35. Therefore, necessarily the order passed by the Tribunal cannot be sustained. The receipt of the subsidy cannot be a hurdle in our taking the view, which we are taking as we are called upon to decide the actual scope of the provision in this appeal. While we do not discount the fact that subsidy may have been given the actual interpretation of the provision is a task, which we cannot abdicate.
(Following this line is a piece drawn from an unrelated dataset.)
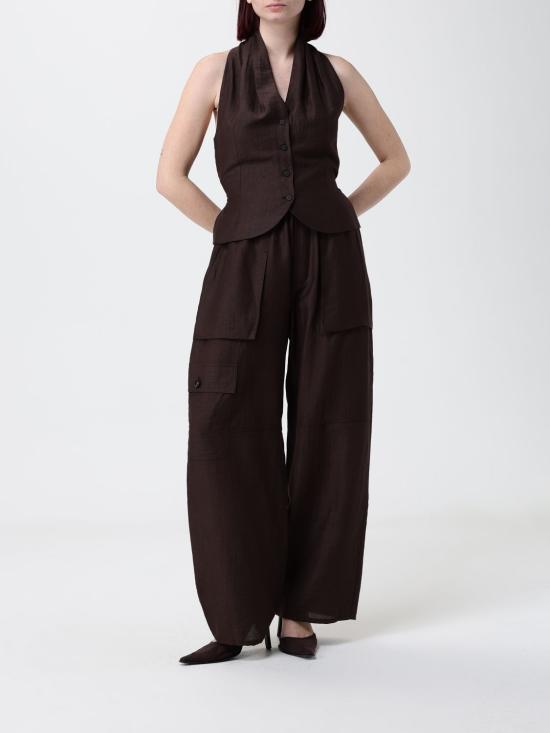 26SS 텔라 팔라초 팬츠 140297 K001 Brown - TELA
36. Even regarding the sites of the activities, we would think that it must have something to do with areas close to nature. No doubt, in the State of Uttarakhand, the area of natural beauty and areas close to nature, often overlapped in close proximity with developed areas. These are all matters we would leave to the authority. In view of the same the order of the tribunal cannot be sustained and the matter must be redone. Accordingly, the impugned orders in all these cases will stand set aside. A request is made by the learned counsel for the assessee that if the matter is set aside and remanded, it be remanded not to the Tribunal but to the Assessing Officer. Learned counsel for the revenue Mr. H.M. Bhatia does not object to this course of action. In such circumstances, in view of the fact that the matter must be redone, we set aside the impugned orders. The matter is remanded back to the Assessing Officer, who will afford opportunity to all the Assessees and pass fresh orders taking note of the observations, which we have made.
37. The answer to the substantial question of law no.1 is given in favour of the revenue/appellant by holding that merely because a No Objection Certificate has been obtained from the Pollution Control Board, the conditions under Section 80-IC (of Income Tax Act, 1961) will not be fulfilled.
38. In view of the above, the appeals stand disposed of.